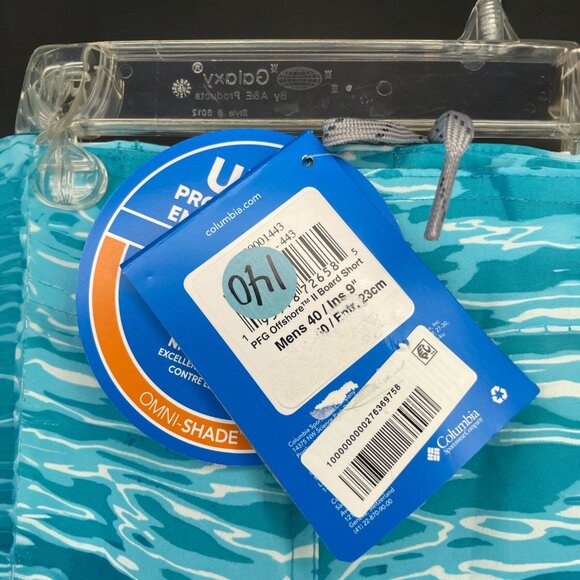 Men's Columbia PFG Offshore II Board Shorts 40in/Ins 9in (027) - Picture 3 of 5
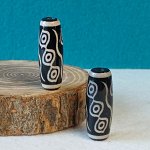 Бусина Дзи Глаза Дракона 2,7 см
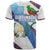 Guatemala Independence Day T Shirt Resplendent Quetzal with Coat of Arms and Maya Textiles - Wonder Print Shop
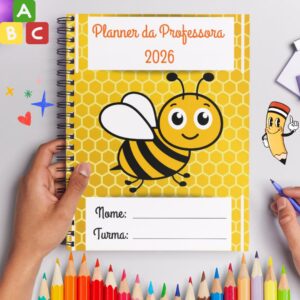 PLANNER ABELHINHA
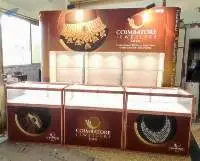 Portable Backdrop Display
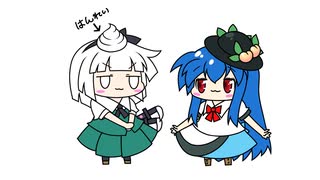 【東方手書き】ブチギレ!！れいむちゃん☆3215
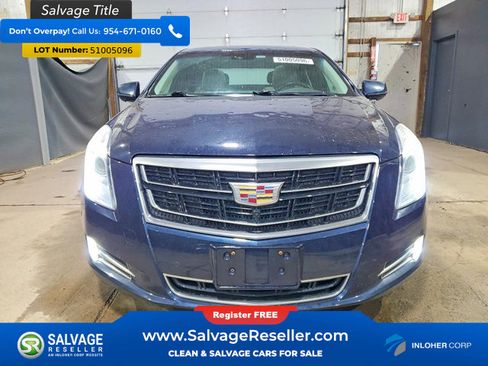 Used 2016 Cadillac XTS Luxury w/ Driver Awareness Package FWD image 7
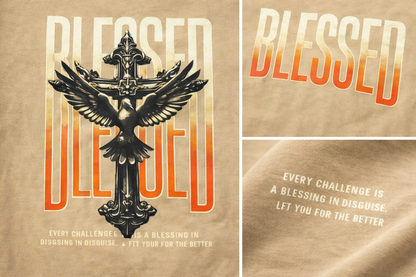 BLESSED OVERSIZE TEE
* * *
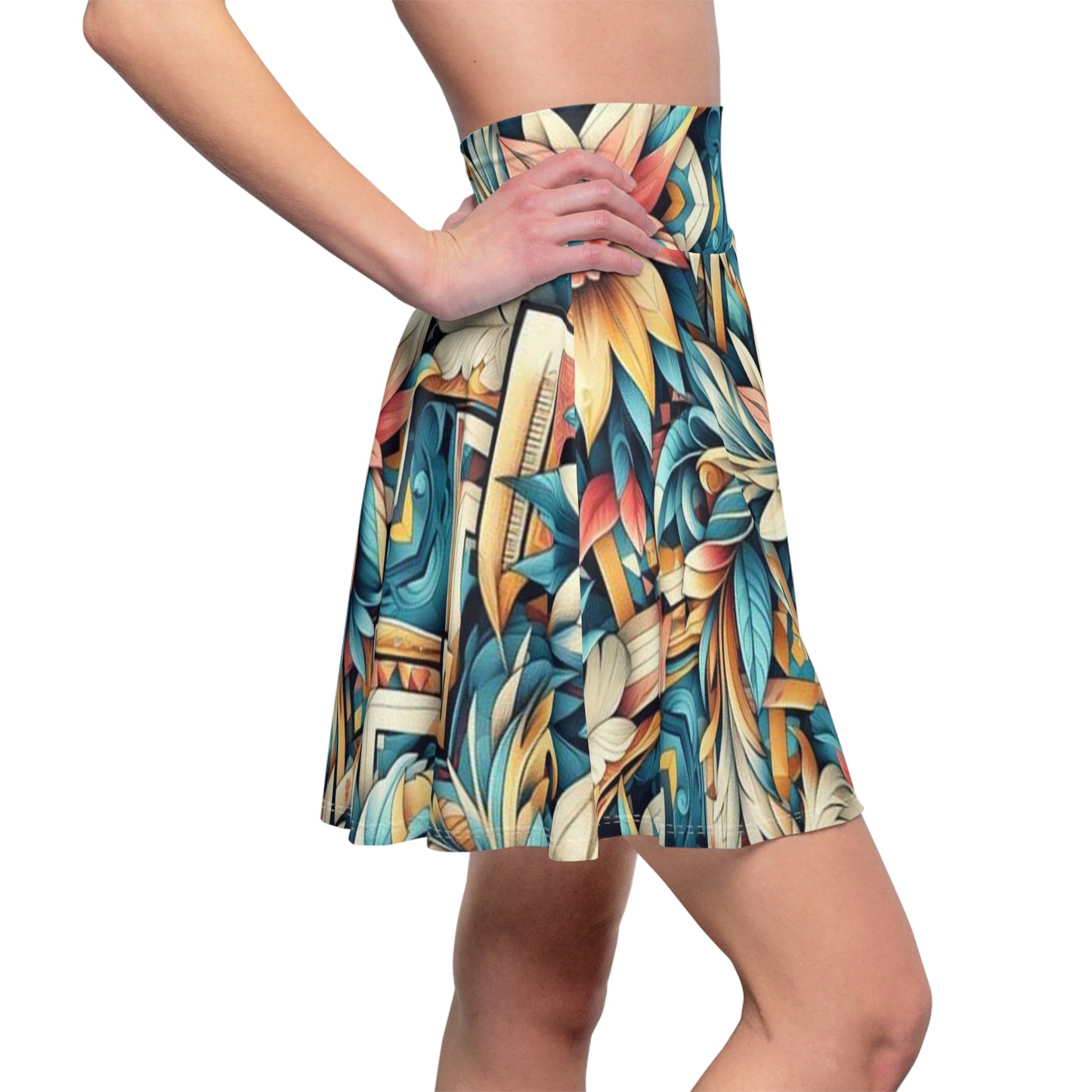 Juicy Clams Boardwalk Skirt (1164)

What to produce ▸ Of the records above, print only the lines from the one containing "Бусина Дзи Глаза Дракона 2,7 см" through the one containing "BLESSED OVERSIZE TEE", inclusive and unaltered, leaving out pictures.

Task output ▸
 Бусина Дзи Глаза Дракона 2,7 см
 Guatemala Independence Day T Shirt Resplendent Quetzal with Coat of Arms and Maya Textiles - Wonder Print Shop
 PLANNER ABELHINHA
 Portable Backdrop Display
 【東方手書き】ブチギレ!！れいむちゃん☆3215
 Used 2016 Cadillac XTS Luxury w/ Driver Awareness Package FWD image 7
 BLESSED OVERSIZE TEE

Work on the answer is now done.